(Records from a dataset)
——
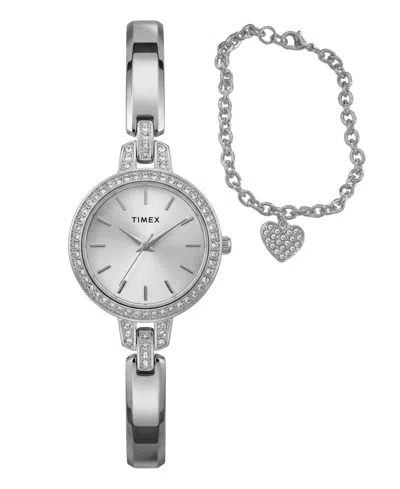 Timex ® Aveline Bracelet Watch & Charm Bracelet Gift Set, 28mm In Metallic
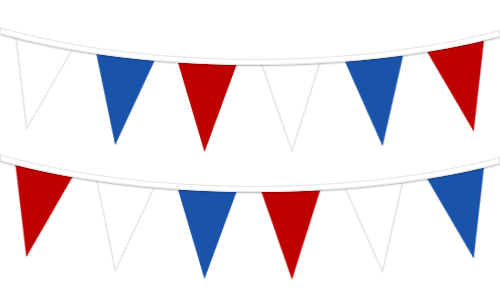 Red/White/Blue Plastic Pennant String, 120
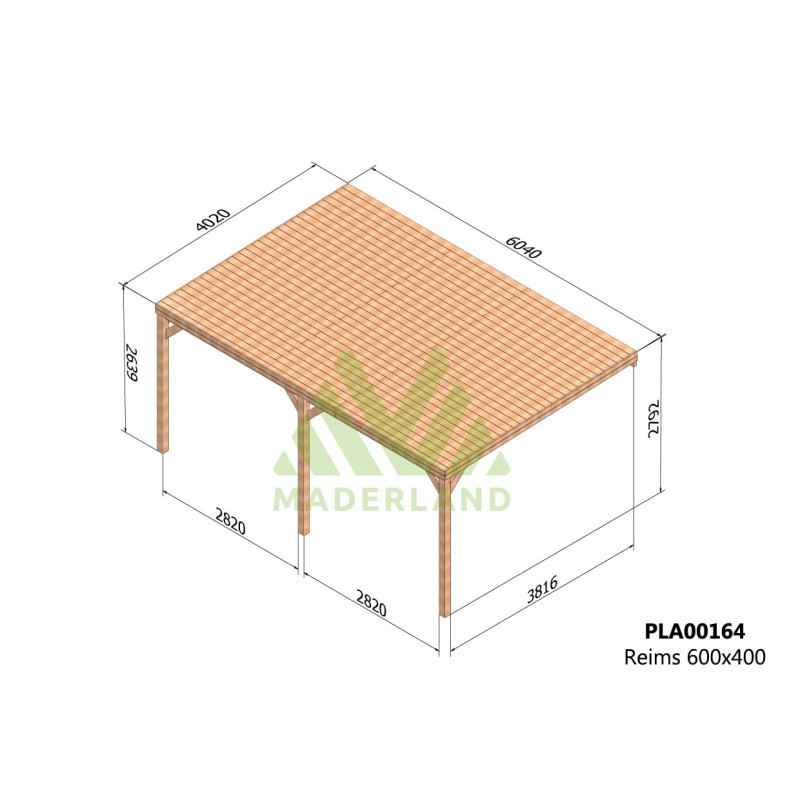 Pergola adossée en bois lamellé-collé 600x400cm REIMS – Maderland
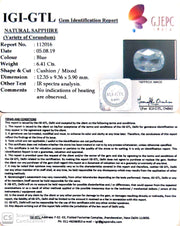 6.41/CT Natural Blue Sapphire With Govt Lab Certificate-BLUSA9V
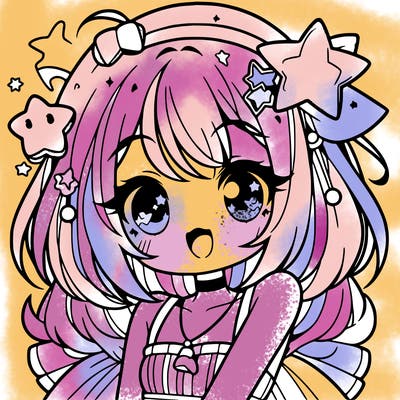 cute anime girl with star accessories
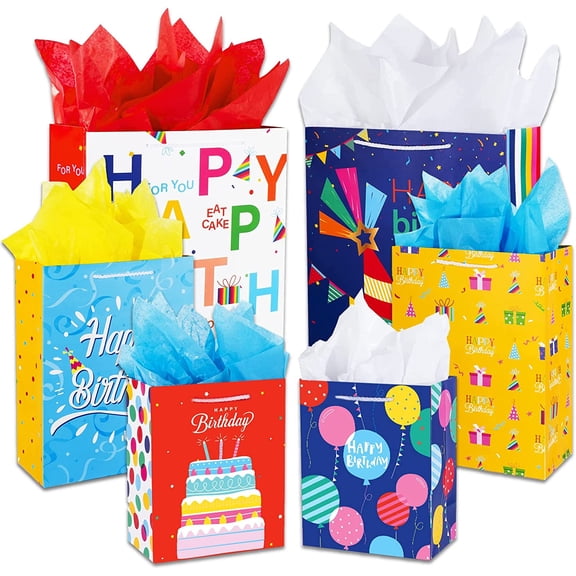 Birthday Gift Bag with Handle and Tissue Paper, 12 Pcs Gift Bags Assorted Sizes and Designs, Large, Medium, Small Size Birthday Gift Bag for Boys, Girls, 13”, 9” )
——
__WHAT THE TASK REQUIRES__:
Once the pictures are set aside, repeat the remaining data word for word.

__YOUR RESPONSE__:
 Timex ® Aveline Bracelet Watch & Charm Bracelet Gift Set, 28mm In Metallic
 Red/White/Blue Plastic Pennant String, 120
 Pergola adossée en bois lamellé-collé 600x400cm REIMS – Maderland
 6.41/CT Natural Blue Sapphire With Govt Lab Certificate-BLUSA9V
 cute anime girl with star accessories
 Birthday Gift Bag with Handle and Tissue Paper, 12 Pcs Gift Bags Assorted Sizes and Designs, Large, Medium, Small Size Birthday Gift Bag for Boys, Girls, 13”, 9” )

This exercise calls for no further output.